*Task to complete*
Find the line containing "Schepijsvitrine Java - 8x" in the records below. Copy exactly that line and each one after it, ending at the line containing "Фотообои Машина на", and nothing more.

====== Data in this exercise

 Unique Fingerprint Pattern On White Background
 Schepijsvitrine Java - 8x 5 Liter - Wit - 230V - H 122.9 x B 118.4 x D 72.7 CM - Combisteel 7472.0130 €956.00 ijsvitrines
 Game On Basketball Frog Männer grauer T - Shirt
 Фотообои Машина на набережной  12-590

============
====== Data in this exercise

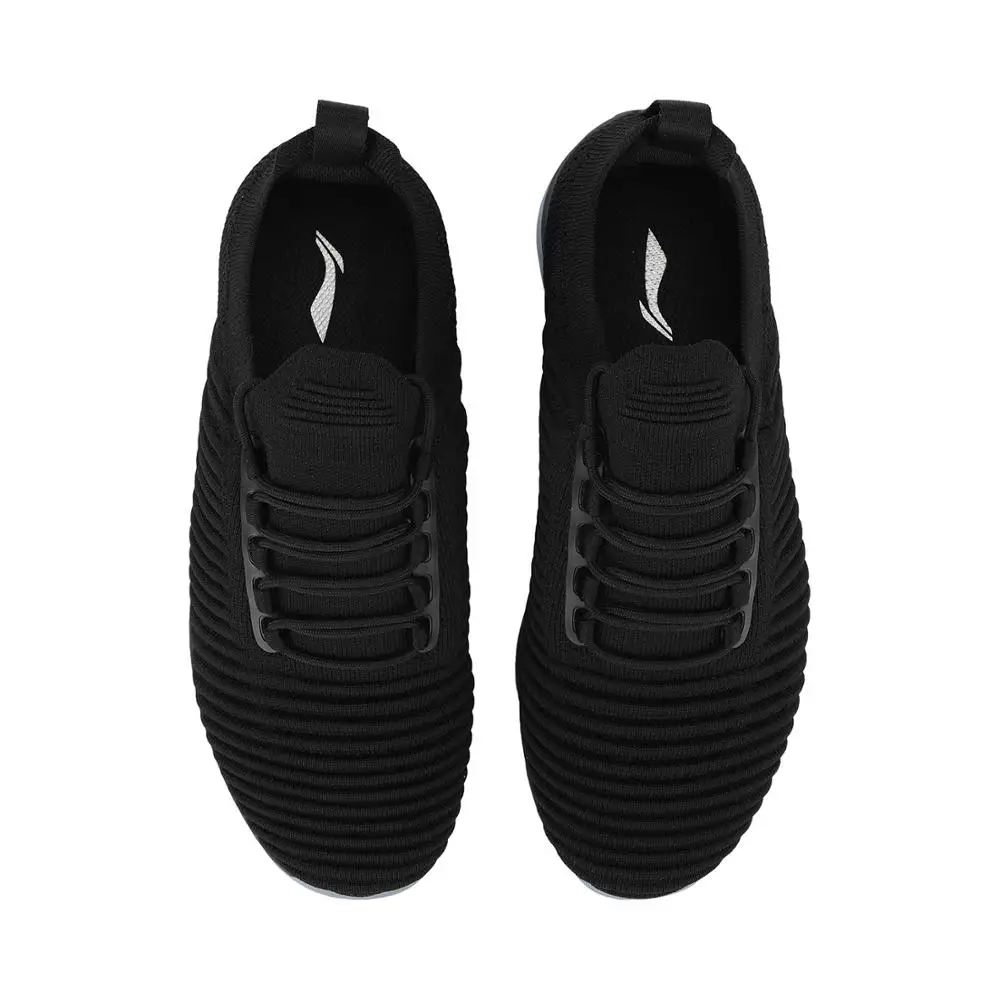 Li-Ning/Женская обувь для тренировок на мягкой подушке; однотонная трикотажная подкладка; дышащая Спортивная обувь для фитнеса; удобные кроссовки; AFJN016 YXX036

============

*Response to this task*
 Schepijsvitrine Java - 8x 5 Liter - Wit - 230V - H 122.9 x B 118.4 x D 72.7 CM - Combisteel 7472.0130 €956.00 ijsvitrines
 Game On Basketball Frog Männer grauer T - Shirt
 Фотообои Машина на набережной  12-590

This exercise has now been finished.